Henry VIII’s break with Rome set in play a series of events that dramatically changed the island history of Britain and led to both political and religious refugees seeking safety in North America in what would one day become know as the ‘The Land of the Free.’
The next two hundred years of British history were riven with religious divisions between Catholics and Protestants, that still haunt parts of the United Kingdom and Ireland today. If we wish to understand the origins of American character, then we have to first understand the rich fertile soil from which it sprang in England.

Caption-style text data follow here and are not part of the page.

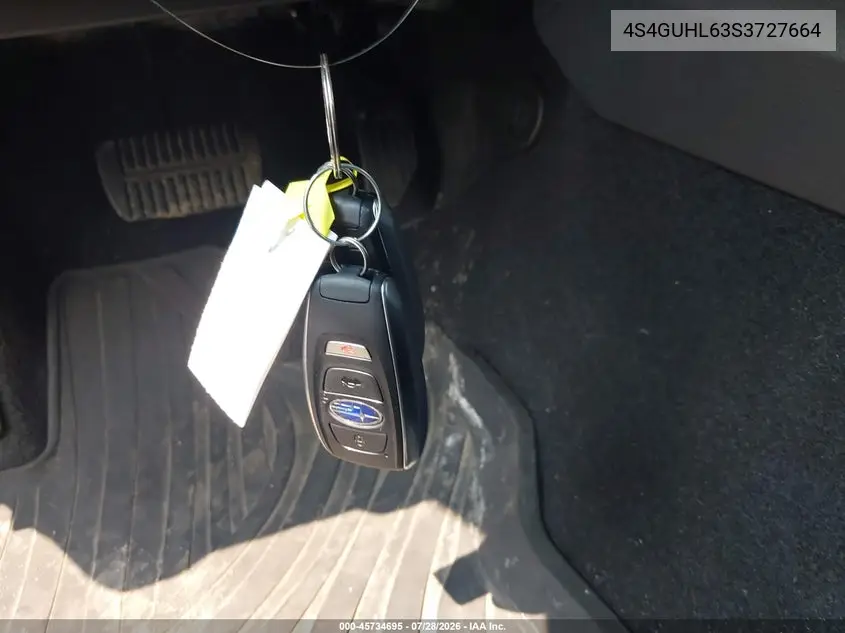 Auction sale of the 2025 Subaru XV , vin: 4S4GUHL63S3727664, lot number: 45734695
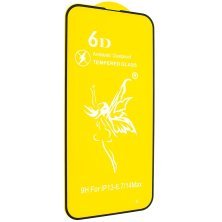 Захисне скло 6D PREMIUM APPLE iPhone 14 PLUS 6,7" кульок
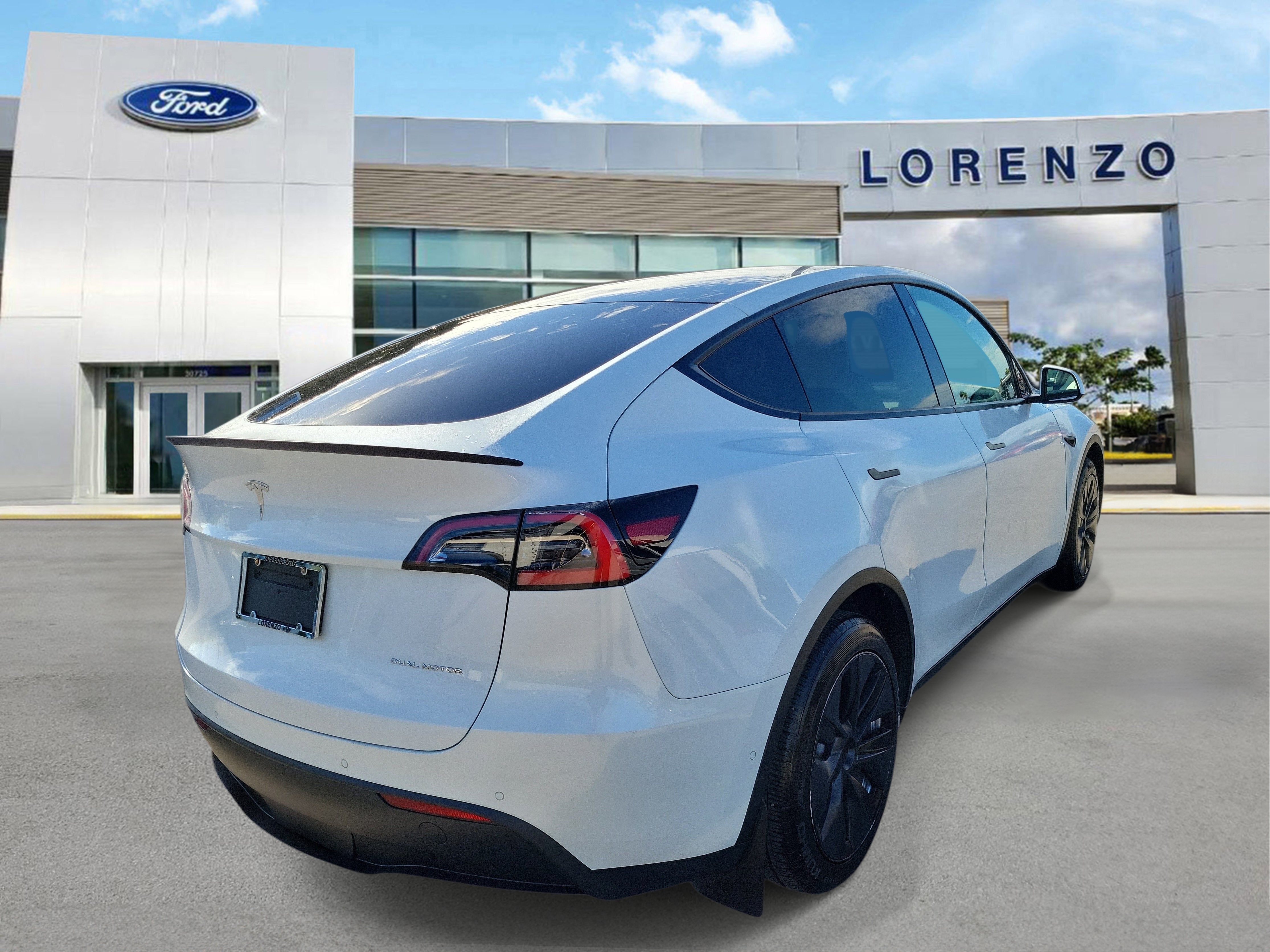 2021 Tesla Model Y Long Range
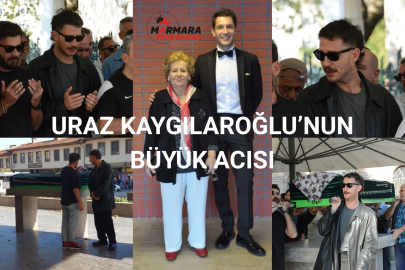 Uraz Kaygılaroğlu babaannesi'ni kaybetti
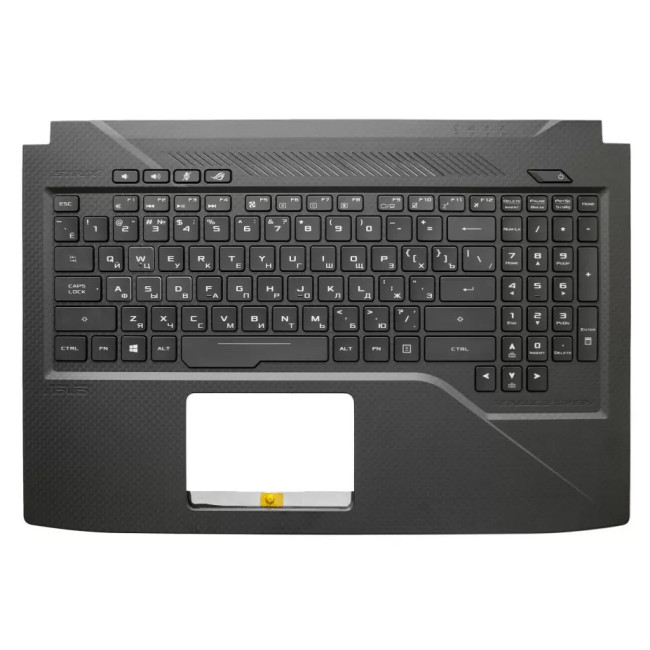 Asus ROG Strix GL503GE 90NR0081-R30RU0 backlit Russian RU keyboard palmrest - main product image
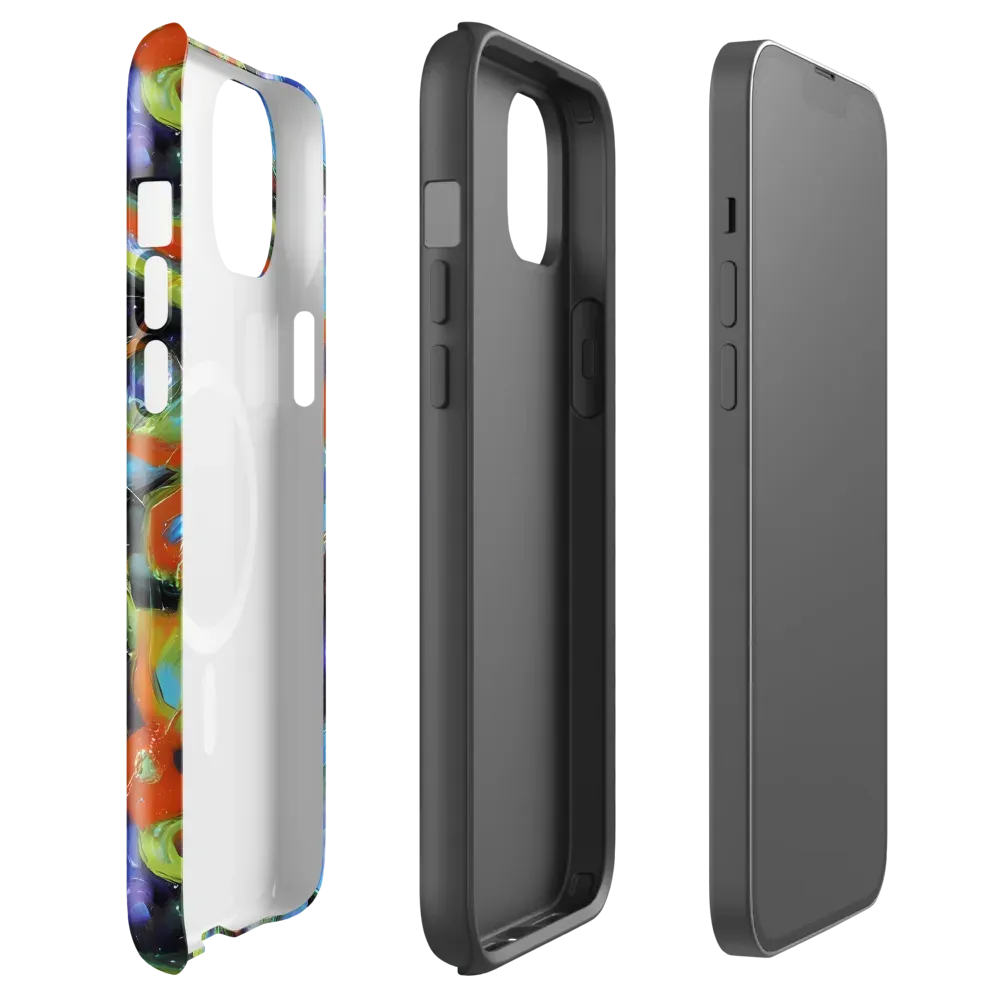 Prism Fever on MagSafe Tough Case for iPhone® — Front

In the immediate aftermath of the ‘Break with Rome’ England changed it’s state religion several times, whilst both sides persecuted each other, accusing the other side of being heretics. The most famous, but certainly not the most bloodiest, resulting in the deaths of 280 Protestant Martyrs during the reign of Queen Mary. Her sister Elizabeth I executed far more Catholics whilst trying to come to a compromise through the Elizabethan Church Settlement Act, which left many feeling very unhappy. This ultimately led to the English Catholics trying to kill King James I and Parliament in the now infamous Gunpowder Plot in 1605. Later in 1620, fearful of Catholic plots and further persecution for refusing to attend the Church of England, the ‘Pilgrim Fathers’ left England never to return in the hope of finding a place where they could freely practice their faith in North America.
Later of course these divisions would implode into the English Civil War in 1642 and result in the execution of Charles I.The resulting conflicts would see thousands seeking religious toleration in North America.